Quick runs
You can quickly run any of the models in Tapestree.jl by following these minimal tutorials under mostly default parameters. To conduct thorough analyses, add options, use additional models, or several other capabilities (such as plotting) please read the Manual.
INSANE models using Bayesian Data augmentation (DA)
INSANE models output two files, a .log file that saves the standard MCMC parameters trace (can be read in by Tracer link) and a .txt file with the data augmented (DA) trees that can be read using iread() function. These two vectors (named below r and tv consistently for the parameter Matrix and the DA tree vector) are also returned by the function and kept in memory on the active Julia sessions.
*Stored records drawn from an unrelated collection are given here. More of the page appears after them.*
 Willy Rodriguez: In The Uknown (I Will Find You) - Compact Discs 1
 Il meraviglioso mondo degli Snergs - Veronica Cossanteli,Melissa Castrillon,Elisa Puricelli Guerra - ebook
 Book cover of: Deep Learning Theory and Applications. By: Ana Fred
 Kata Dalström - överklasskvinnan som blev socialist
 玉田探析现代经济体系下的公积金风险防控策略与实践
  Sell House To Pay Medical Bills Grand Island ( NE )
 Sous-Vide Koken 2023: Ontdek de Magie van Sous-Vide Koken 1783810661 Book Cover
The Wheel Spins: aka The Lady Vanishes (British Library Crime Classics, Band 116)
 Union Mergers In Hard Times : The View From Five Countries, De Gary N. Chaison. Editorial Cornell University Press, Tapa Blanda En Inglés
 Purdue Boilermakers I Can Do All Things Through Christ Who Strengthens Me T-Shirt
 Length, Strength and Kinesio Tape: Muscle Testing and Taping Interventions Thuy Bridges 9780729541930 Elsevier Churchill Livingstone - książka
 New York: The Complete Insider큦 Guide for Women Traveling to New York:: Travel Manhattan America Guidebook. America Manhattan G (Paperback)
Moreover, the DA tree vector can be exported as an annotated nexus file using write_nexus(), allowing interoperability with other phylogenetic software.
Reading a newick tree
To read a tree in newick format you can just use
tree = read_newick("<tree file directory in newick format>")You can plot this tree by loading the Plots package and then doing
plot(tree)
This is the tree_5.tre in the Tapestree data directory. You can read it using tree = read_newick(joinpath(dirname(pathof(Tapestree)), "..", "data", "tree_5.tre"))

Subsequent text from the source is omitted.